Prosesnya: dengan banten yang sudah tersedia dan dipimpin oleh Pemangku, dilakukan pemujaan agar roh sang bayi disucikan kembali, selanjutnya diperciki tirta yang telah dimohon pada : Mrajapati, Kemulan, Kahyangan tiga, dan lainnya, terakhir bambang diratakan dan semua banten dipendem.

Ngelanus
Bila Upacara Pitra Yadnya dilakukan ”tanpa adanya jeda waktu” maka disebut dengan”Ngelanus atau Numandang Mantri”. Ngelanus ini mulai banyak dilakukan karena lebih effisien dan lebih cepat, prosesnya adalah :
Setelah ”Nganyut”, seketika itu :
mapegat mangening-ngening, mecaru, ngerorasin, nyepuh, dilanjutkan dengan ”Penyekahan”, ngalap don bingin, ngajum sekah.
Setelah Ngadegang sekah sebagaimana mestinya, selanjutnya di Pralina (kageseng) dan kembali diwujudkan dengan Ngadegang Puspa Lingga diakhiri dengan Nganyut ke Segara.
Selanjutnya Ngulapin Sang Dewa Pitara untuk dilinggihkan di Pemrajan dan bila sudah waktunya diadakan me-ajar-ajar, barulah dilinggihkan sebagai Dewa Hyang pada sanggah Mrajan Dadia, Pemaksan (Ngwangi) jika diperlukan.
Kajang dan Berbagai Tirta
Semua bentuk Pitra Yadnya patut menggunakan ”kain kajang” selengkapnya sesuai dengan kepatutan masing-masing, juga tirta tunggangdari Bhatara Kawitan/leluhur, juga ketika melakukan Nyekah/Memukur (Atma Wedana) perlu menggunakan Tirta Pingit serta Damar Kurung, agar semakin sempurna prosesi Pitra Yadnya tersebut. Hal yang selalu ada pada Pitra yadnya adalah : Tirta Panembak, Tirta pemanah, Tirta Pengentas, Tirta pambersihan, serta tirta lainnya.
a. Tirta panembak digunakan saat memandikan Layon, tirta ini mengandung makna membersihkan jasad/angga sarira orang yang meninggal dari kotoran-kotoran lahir batin. Toya ini diperoleh pada tengah malam dan mengambilnya pertama dari hilir ke hulu secepat kilat. Saat memandikan mayat, tirta panembak akan dipergunakan dari hulu ke hilir.
b. Tirta pangelukatan tirta ini mengandung arti bahwa orang yang diabenkan diruwat mala pataka- nya oleh tirta ini.

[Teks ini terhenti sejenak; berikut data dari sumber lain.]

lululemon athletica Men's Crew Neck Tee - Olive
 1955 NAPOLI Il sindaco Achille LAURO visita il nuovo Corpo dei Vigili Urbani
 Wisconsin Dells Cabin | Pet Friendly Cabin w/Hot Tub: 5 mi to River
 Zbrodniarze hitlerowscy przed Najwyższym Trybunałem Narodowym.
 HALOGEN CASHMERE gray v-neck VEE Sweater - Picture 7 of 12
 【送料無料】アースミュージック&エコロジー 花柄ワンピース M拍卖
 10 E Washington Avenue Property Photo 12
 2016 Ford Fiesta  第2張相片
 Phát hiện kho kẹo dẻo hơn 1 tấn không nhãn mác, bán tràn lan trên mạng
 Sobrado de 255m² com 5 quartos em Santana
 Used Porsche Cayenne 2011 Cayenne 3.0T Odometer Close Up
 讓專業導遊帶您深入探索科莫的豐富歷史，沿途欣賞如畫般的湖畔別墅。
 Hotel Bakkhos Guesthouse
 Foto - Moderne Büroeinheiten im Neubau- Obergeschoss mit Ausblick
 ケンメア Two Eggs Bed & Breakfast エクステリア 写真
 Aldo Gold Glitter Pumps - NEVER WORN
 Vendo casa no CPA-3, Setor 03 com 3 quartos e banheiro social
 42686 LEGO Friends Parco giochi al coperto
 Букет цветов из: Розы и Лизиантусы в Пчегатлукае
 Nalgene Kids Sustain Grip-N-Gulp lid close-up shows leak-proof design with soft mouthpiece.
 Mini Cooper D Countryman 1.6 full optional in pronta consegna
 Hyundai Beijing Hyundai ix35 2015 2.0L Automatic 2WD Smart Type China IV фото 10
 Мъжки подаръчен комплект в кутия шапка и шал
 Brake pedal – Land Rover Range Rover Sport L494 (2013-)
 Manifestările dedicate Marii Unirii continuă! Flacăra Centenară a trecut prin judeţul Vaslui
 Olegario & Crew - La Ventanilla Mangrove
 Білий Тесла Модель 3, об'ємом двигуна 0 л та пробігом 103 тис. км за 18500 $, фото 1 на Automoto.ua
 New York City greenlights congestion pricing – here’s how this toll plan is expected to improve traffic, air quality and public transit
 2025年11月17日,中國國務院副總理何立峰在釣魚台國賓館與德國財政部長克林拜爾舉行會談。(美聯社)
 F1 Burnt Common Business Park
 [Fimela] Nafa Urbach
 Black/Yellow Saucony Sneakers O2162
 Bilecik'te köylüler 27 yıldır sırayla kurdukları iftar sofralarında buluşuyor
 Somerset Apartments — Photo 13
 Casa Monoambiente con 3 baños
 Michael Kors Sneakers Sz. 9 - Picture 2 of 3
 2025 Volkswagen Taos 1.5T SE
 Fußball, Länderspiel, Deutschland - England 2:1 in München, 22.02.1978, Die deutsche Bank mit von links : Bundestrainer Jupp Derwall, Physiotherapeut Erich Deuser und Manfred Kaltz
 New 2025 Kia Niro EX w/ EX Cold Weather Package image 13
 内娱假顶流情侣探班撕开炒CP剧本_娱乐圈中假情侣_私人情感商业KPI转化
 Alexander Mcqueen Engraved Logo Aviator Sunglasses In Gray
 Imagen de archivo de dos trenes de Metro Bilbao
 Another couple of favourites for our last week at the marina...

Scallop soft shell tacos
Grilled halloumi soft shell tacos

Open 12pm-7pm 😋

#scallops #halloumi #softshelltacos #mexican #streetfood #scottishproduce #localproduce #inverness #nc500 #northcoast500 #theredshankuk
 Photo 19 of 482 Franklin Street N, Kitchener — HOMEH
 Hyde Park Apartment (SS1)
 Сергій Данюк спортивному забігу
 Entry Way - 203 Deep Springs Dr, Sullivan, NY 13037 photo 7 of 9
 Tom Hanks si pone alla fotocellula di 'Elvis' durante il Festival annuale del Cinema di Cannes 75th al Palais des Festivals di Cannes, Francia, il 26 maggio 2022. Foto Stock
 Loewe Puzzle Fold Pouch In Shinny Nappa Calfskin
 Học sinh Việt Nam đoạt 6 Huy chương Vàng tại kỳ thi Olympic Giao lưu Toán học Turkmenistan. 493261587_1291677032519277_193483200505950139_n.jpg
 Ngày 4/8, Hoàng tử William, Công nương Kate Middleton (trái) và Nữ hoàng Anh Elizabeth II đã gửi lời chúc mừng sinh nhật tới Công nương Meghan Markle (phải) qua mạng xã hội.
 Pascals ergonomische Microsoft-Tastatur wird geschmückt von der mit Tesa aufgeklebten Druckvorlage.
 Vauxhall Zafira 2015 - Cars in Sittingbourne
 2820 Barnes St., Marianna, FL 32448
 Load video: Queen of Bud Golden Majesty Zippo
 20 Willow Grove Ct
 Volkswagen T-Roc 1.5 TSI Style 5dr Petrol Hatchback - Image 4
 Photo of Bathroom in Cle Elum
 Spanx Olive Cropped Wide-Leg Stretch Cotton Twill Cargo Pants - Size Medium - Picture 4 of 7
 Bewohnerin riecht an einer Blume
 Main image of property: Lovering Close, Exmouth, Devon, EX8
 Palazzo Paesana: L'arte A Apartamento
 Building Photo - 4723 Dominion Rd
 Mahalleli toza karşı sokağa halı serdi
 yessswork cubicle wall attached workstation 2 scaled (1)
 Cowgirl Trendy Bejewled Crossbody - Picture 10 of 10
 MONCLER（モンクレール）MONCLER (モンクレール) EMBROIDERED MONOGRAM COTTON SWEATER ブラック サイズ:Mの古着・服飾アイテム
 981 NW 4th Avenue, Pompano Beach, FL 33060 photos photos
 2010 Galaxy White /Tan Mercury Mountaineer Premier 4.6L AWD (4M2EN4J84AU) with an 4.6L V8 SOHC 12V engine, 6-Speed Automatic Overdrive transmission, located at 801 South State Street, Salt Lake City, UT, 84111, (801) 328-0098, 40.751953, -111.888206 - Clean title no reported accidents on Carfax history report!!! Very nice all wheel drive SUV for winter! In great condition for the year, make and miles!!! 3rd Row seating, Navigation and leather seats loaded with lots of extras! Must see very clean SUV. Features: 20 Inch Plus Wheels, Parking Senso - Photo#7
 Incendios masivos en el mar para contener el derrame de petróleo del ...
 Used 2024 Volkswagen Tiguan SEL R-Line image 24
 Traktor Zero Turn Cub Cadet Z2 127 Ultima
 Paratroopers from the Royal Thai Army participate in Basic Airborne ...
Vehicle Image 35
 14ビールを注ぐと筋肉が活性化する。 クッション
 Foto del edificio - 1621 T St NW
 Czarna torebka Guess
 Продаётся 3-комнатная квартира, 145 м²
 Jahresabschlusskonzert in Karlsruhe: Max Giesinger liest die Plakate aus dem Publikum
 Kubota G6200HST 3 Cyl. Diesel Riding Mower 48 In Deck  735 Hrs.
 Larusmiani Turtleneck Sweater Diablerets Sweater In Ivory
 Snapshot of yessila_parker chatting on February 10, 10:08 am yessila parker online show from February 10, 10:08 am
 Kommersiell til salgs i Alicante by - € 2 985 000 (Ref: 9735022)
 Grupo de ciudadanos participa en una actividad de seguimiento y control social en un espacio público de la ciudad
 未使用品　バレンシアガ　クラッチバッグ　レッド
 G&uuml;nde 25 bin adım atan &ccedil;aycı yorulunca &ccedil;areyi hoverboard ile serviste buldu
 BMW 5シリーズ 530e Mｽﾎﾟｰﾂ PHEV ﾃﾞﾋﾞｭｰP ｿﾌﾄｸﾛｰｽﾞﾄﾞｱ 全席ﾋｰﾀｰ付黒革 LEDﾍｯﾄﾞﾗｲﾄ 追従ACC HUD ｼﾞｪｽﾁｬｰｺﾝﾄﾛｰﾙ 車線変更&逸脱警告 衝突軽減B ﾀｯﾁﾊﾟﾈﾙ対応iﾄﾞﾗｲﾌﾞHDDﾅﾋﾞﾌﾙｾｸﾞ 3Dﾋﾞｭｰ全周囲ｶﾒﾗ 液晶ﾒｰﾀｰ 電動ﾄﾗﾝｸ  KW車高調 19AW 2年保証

c. Tirta pamanah . Satu jenis air suci yang diperoleh dari sumber air suci pada waktu upacara ngening. Orang-orang mencari air suci dengan membawa “panah” yang dibuat dan diberikan mantra oleh pendeta. Air suci itu akan dipakai saat jenazah dimandikan.
d. Tirta pangentas . Kata pangentas berasal dari tas yang berarti putus. Dalam upacara Pitra Yadnya ada istilah tiuk pangentas yang artinya pisau untuk memutuskan tali pengikat gulungan jenazah. Tirta pangentasmerupakan air suci yang dibuat dengan mantra sulinggih sang pamuput , bertujuan memutuskan ikatan purusa dengan prakerti sang mati guna dikembalikan kepada sumbernya masing-masing. Pada pelaksanaan Pitra Yadnya yang besar, tali pengikat purusa dan prakerti dilukiskan sebagai naga banda yang berarti naga pengikat. Dalam lontar Tutur Suksma ada disebutkan bahwa yang dimaksud naga adalah bayu atau energi yang muncul sebagai akibat menyatunya purusa dan prakerti . Tanpa tirtapangentas itu, ikatan purusa dengan prakerti tak akan bisa diputuskan. Bagi orang-orang yogin, mereka telah dapat memutuskan sendiri ikatan dengan kekuatan yoganya sehingga mereka bisa melakukan moksa angga . DalamYoga Kundalini dikemukakan, apabila yoganya telah mencapai titik kulminasi maka akan muncul panas dan dari panas inilah muncul api yang membakarstula –nya. Itu sebabnya, tirta pangentas sangat prinsipil kehadirannya dalam upacara Pitra Yadnya.